EXPLORATIONS

Morning Courses FROM 9:30 am - noon

We structure our class times as a journey undertaken with one's peers in order to discover, create, and explore new things.

 

EACH SCHOOL year is broken up into Four course BLOCKS.

What are course blocks? We offer four terms of eight-week courses that allow students to dig deep into one particular conversation. This means that students are only focusing on learning one topic for those eight weeks instead of the seven subjects taught in traditional school settings. This provides students the chance to go deeper, ask questions, pause for reflection, and cover more material in one unit than most traditional students would cover in a whole semester.

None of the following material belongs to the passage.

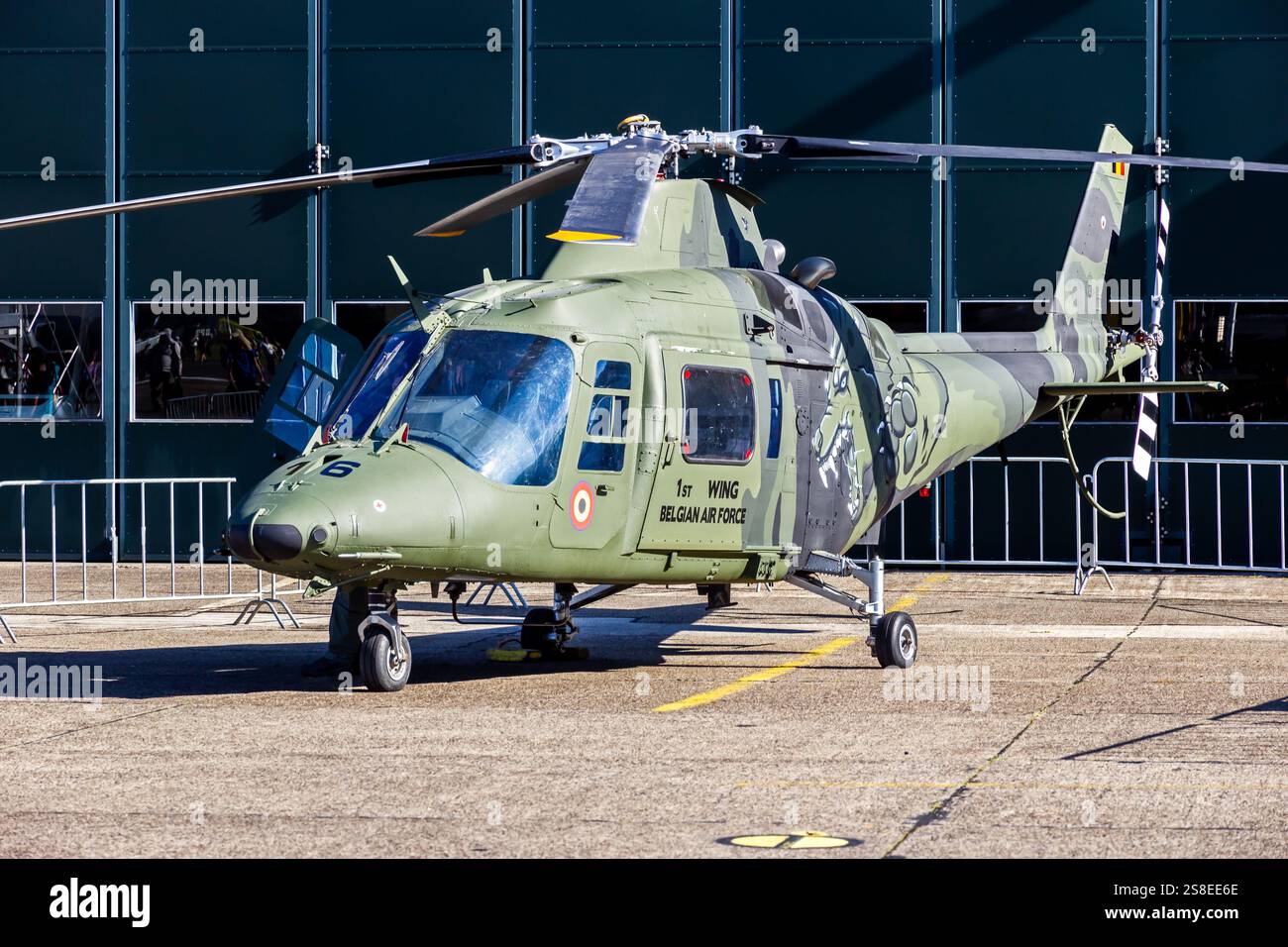 Elicottero Agusta A109 dell'Aeronautica militare belga sull'asfalto di Kleine Brogel. Base Peer, Belgio - 8 settembre 2023 Foto Stock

Each course meets from 9:30am - 12:00pm every day for eight weeks (it is highly encouraged and expected that the time is spent in a variety of ways: interactive conversation, lecture, small group work, outdoor exploration, reading time, workshops, acting, etc...).

Once a student chooses a particular course, the student is engaged in that course for the duration of the eight weeks.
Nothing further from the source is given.